** Input material follows **
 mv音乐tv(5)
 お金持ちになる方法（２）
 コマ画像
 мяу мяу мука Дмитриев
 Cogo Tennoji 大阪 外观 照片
** End of Input material **
** Input material follows **
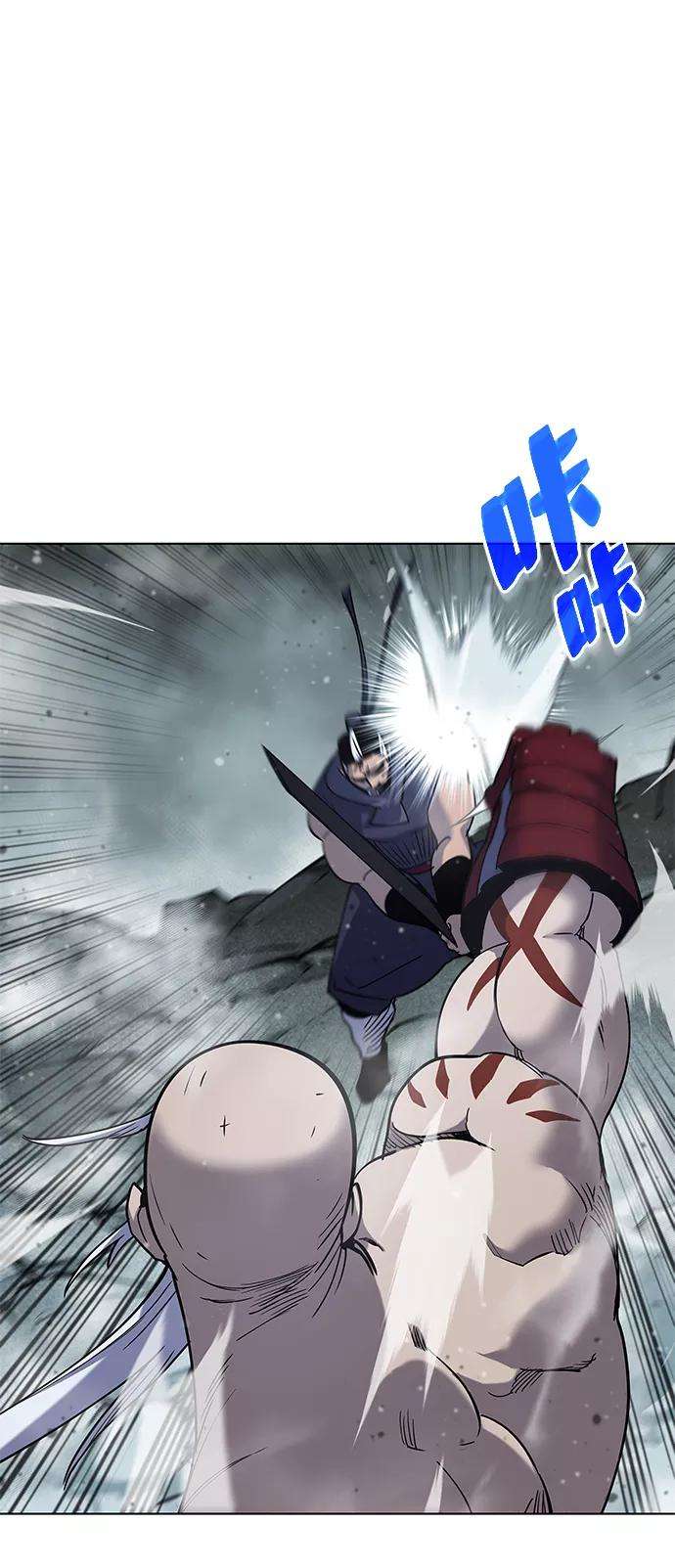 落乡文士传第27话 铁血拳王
** End of Input material **
**Task brief:** Using the entries above, return exactly the lines from the line with "お金持ちになる方法（２）" to the line with "Cogo Tennoji 大阪 外观 照片", counting both of those lines.

**Exercise response:**
 お金持ちになる方法（２）
 コマ画像
 мяу мяу мука Дмитриев
 Cogo Tennoji 大阪 外观 照片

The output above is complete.